[Records for this exercise — start]

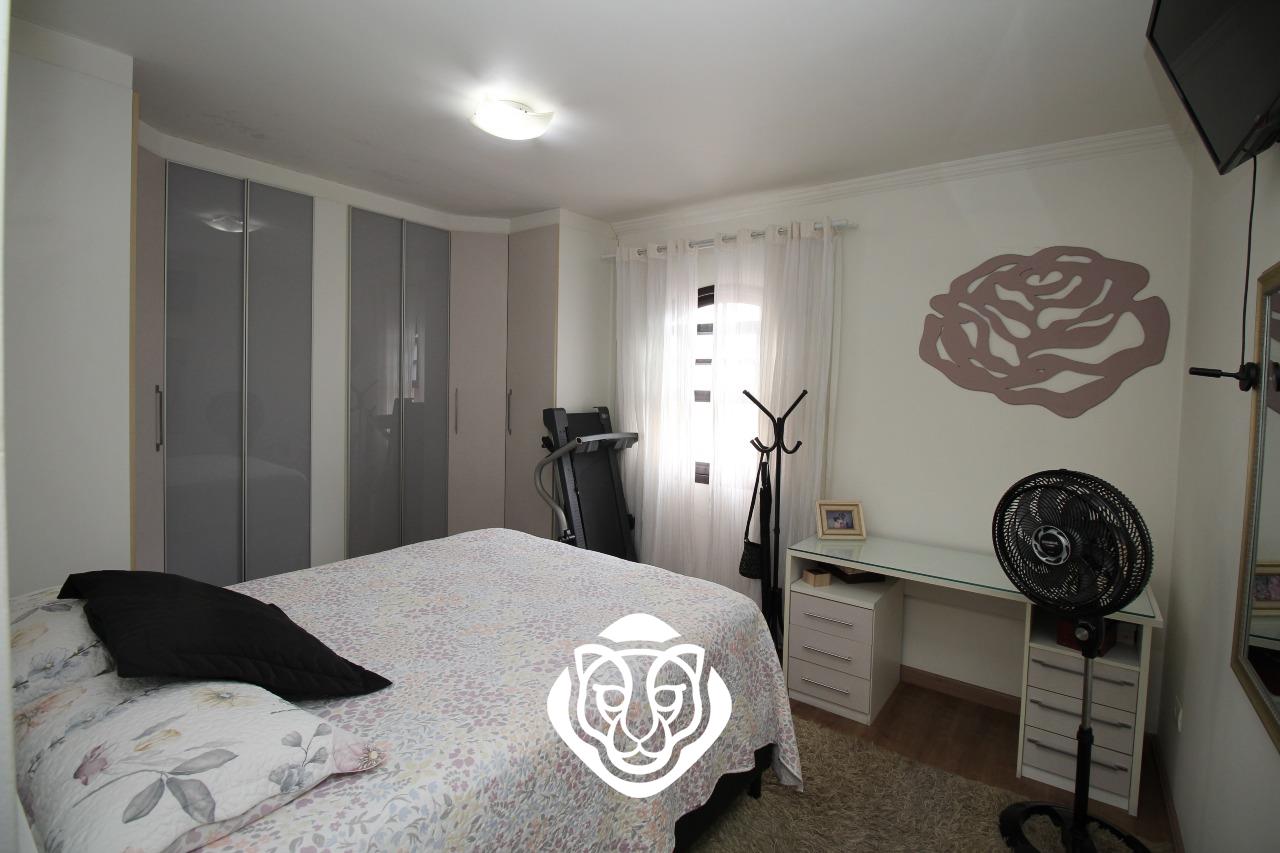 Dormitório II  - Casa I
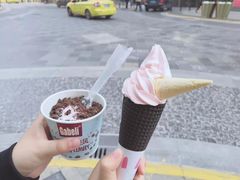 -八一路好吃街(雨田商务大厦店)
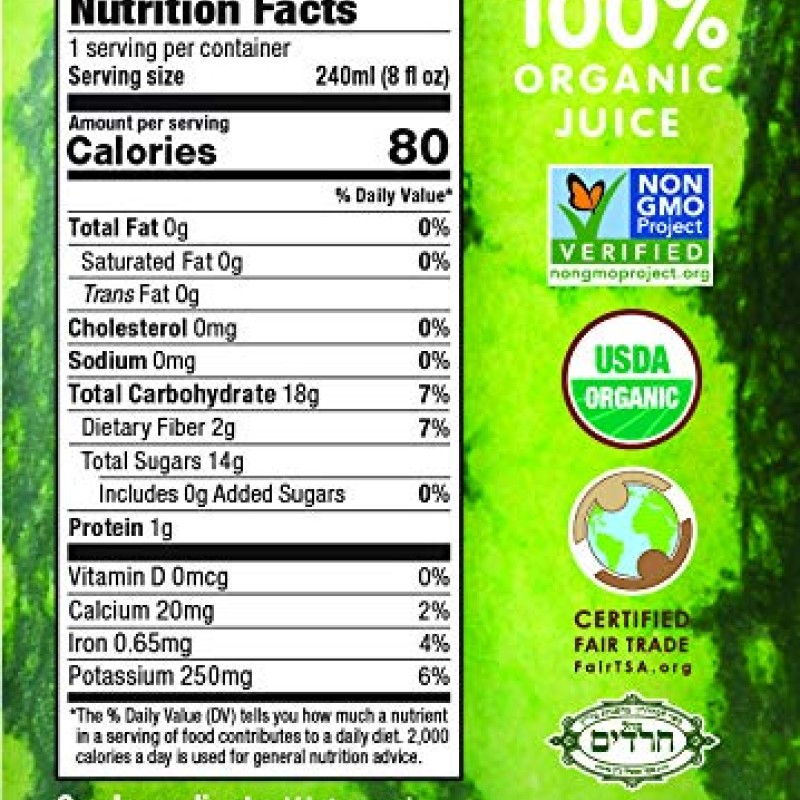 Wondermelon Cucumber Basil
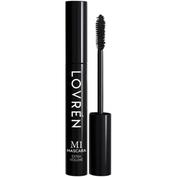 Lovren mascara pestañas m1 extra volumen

[Records for this exercise — finish]
[Records for this exercise — start]

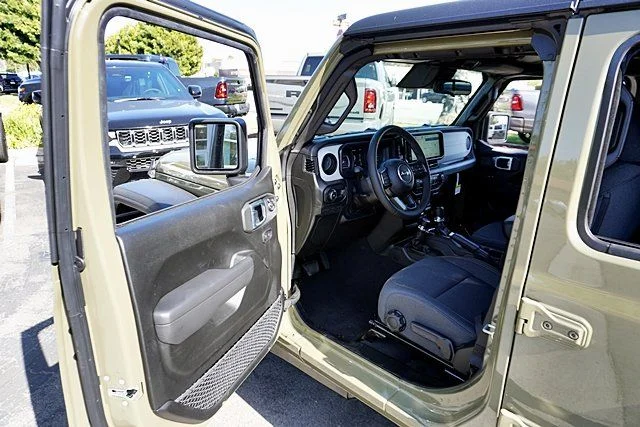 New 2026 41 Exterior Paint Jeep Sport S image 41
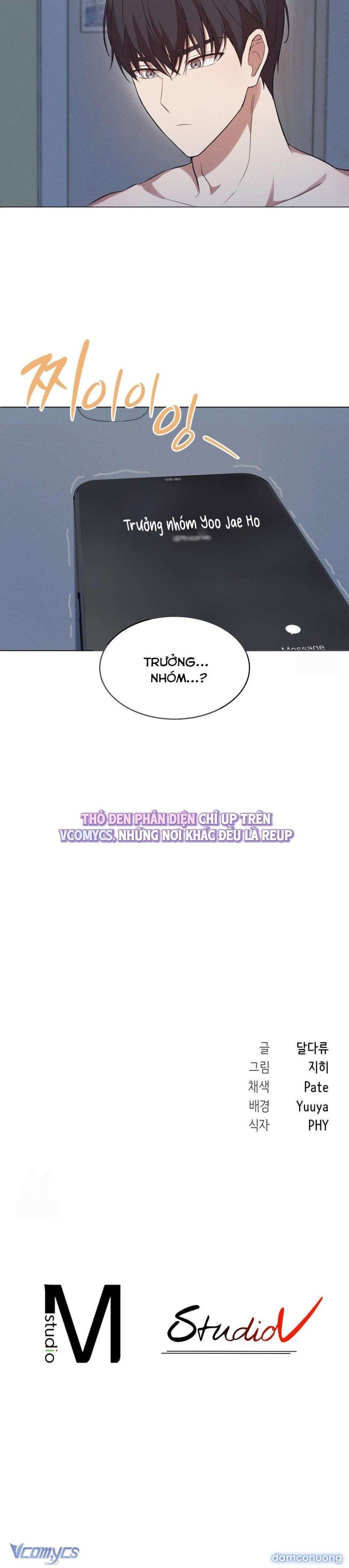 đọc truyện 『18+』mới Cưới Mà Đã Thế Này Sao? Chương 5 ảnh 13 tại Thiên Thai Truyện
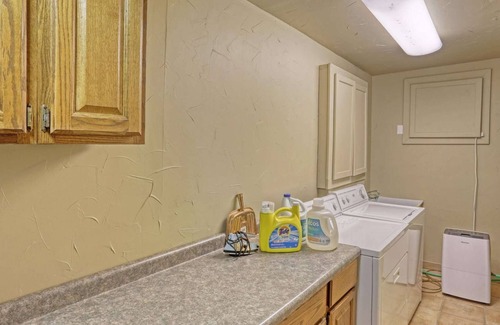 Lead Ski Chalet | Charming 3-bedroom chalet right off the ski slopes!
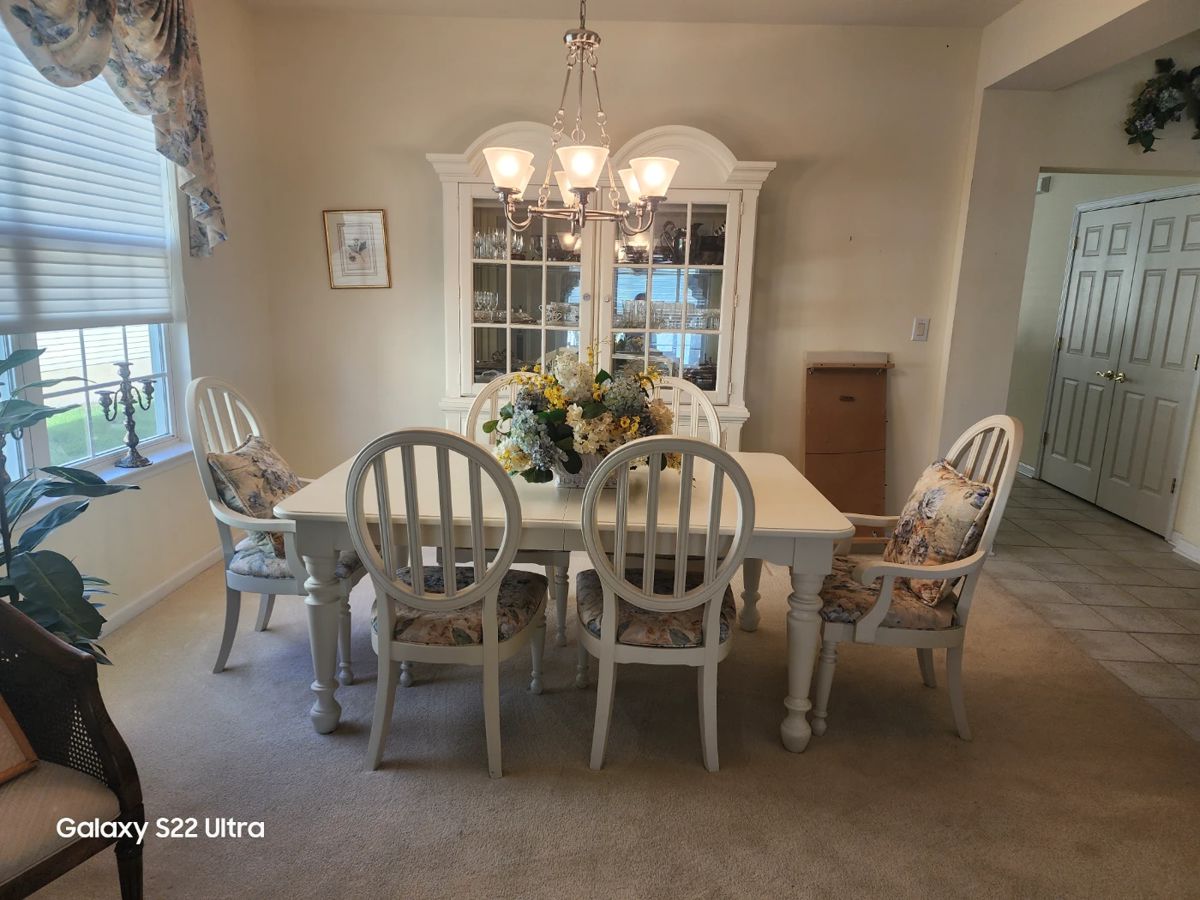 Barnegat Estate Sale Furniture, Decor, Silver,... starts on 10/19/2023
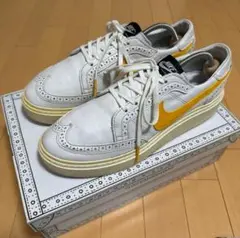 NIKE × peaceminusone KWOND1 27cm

[Records for this exercise — finish]
[Records for this exercise — start]

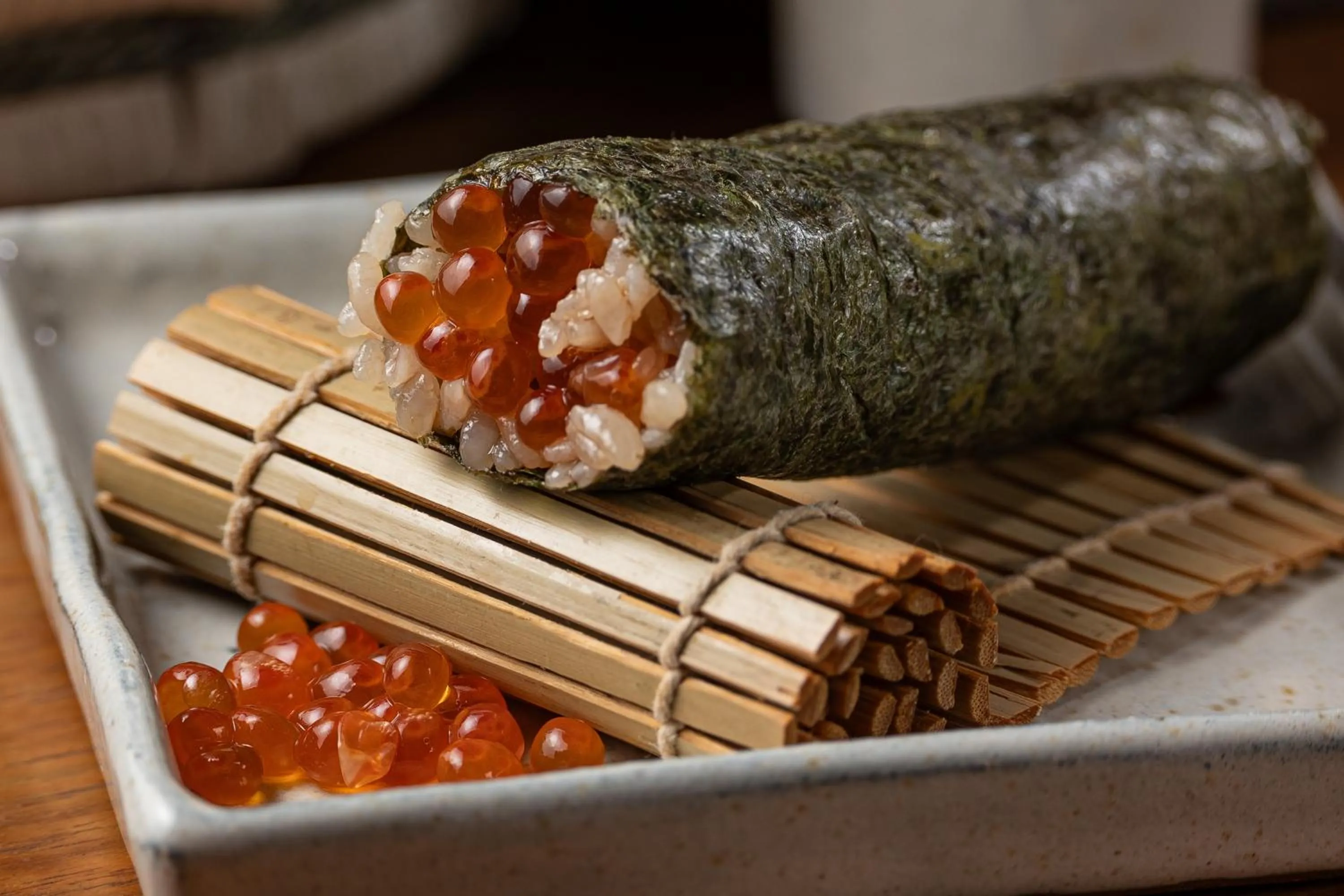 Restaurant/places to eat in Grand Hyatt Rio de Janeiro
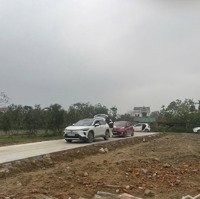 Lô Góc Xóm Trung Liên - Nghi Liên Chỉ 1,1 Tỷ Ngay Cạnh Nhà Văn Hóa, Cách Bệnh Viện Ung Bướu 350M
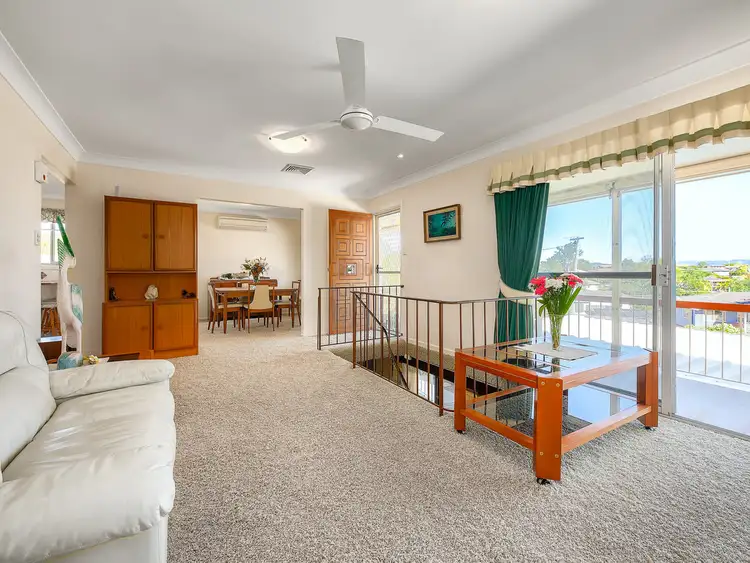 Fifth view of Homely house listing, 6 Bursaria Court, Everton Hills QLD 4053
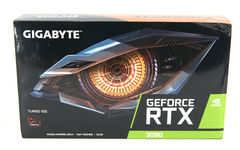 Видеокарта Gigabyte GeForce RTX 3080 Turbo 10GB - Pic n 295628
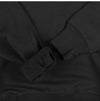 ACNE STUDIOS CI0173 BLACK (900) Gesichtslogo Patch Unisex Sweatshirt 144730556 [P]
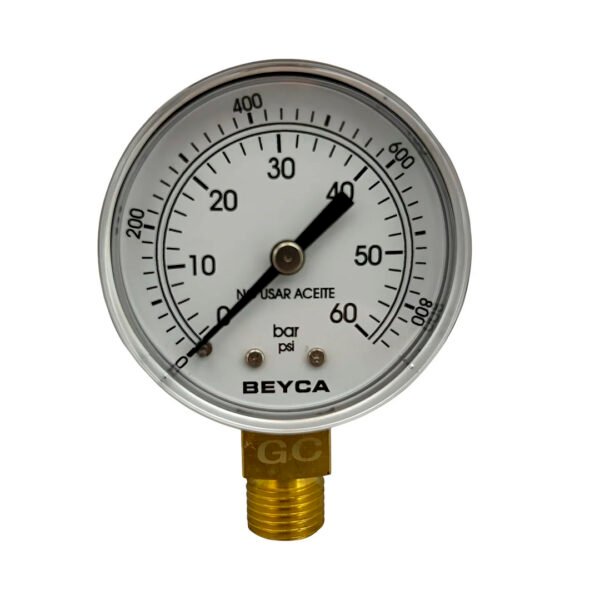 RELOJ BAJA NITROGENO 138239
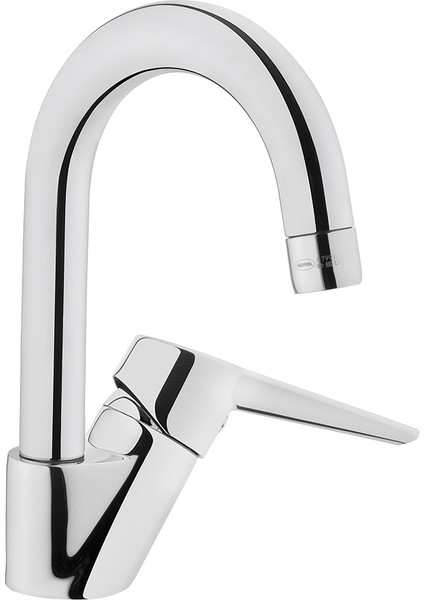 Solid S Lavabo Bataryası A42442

[Records for this exercise — finish]

▶ **About this task**
What you return must match the lines above from the one with "đọc truyện 『18+』mới" through the one with "NIKE × peaceminusone KWOND1 27cm" exactly, with both ends included and the pictures excluded.

▶ **Response to this task**
 đọc truyện 『18+』mới Cưới Mà Đã Thế Này Sao? Chương 5 ảnh 13 tại Thiên Thai Truyện
 Lead Ski Chalet | Charming 3-bedroom chalet right off the ski slopes!
 Barnegat Estate Sale Furniture, Decor, Silver,... starts on 10/19/2023
 NIKE × peaceminusone KWOND1 27cm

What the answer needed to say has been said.